San Antonio & Aransas Pass RR

In 1886 Uriah Lott brought the first rail road into Beeville. Four years later, the Gulf Western Texas & Pacific arrived, building southwest from Victoria. The two lines met at the Beeville Depot, shown on this Geodetic survey map.
Standing at the old grade crossing on Cleveland St. December 27, 2006, the tracks are gone, but if you look north, you see the right of way of the old San Antonio & Aransas Pass stretching out before you. To the right, the right of way of the Gulf Western Texas & Pacific curves away to the east. The Beeville depot once stood right in the fork of the two roads. The ruins of an old signal post stands between the two ghostly roads and voluntary trees occupy the site of the vanished railroad station.

Both railroads were eventually absorbed by the Southern Pacific and I vaguely remember departing from this station with my grandmother when I was five years old. I remember that I was excited by the prospect of riding the train, but when the moment came I was terrified. I remember my grandmother pulling on my arm as I tried desperately to escape, screaming, "I don't want to get on the train! I don't want to get on the train!" The details escape me, but I remember the friendly conductor kneeling in front of me and promising me a soda water if I would get on the train. I did get on the train, but I am sure I never got the soda water.

When they took up the rails in the 1990's, they stopped right here at the Cleveland St. grade crossing.

If you face south at the same location, you find the tracks are still in place on the other side of the grade crossing. The wooden timbers that formed the crossing are still visible where they protrude from the layers of asphalt. The switch that controlled the direction of trains coming up from the Gulf Coast is still visible next to the little railroad utility shed.

Here you can see the movable rails that made the switch work. It appears that the last train through Beeville was headed north to San Antonio and not east to Victoria or Houston.

Following the tracks south to Hefferman St., we find the traffic signals and the railroad crossing are still standing, looking as if they were still alert for an approaching train.

At the Bowie street crossing, the signals still stand, but the crossing guard arms have been removed.

One more block, and the tracks come to an end once more at Corpus Christi St., after only three short blocks.

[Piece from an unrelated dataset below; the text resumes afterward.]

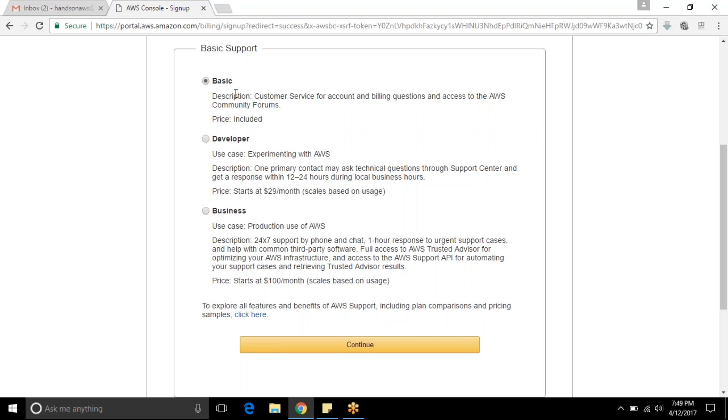We are creating a test account and we are going to test out how AWS services work, so we are going with the basic plan and continue.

Fifty yards along the the abandoned right of way I found this mysterious pile of black objects lying forgotten in the weeds. I have no idea what they are.

I was suprised to find, just a few yards farther on, a trestle, still spanning Poesta creek. There are no rails, but the timbers and the steel frame are standing, and it appears they are going to be there for a long time, out of sight overgrown by weeds and mesquite trees.

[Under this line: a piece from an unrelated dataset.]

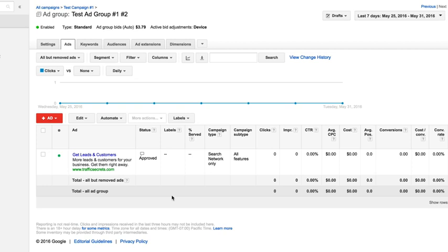I suggest you run a minimum of two ads per ad group at all times so they're always rotating and competing. You can continuously stop one that's not doing as well and create a new test version to compete against what becomes the new control, the one that currently has the highest click-through rate.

For not quite a hundred years, long lines of freight and passenger cars rumbled north and south along this line, pulled by steam engines and then by diesel locomotives. For almost a hundred years, the long lines of cars rumbled along this line by day and night, waking the sleepy citizens of Beeville with their lonesome steam whistles, and later their raucous air horns. Now they are gone.

Sleep well, citizens of Beeville. The railroad is gone forever.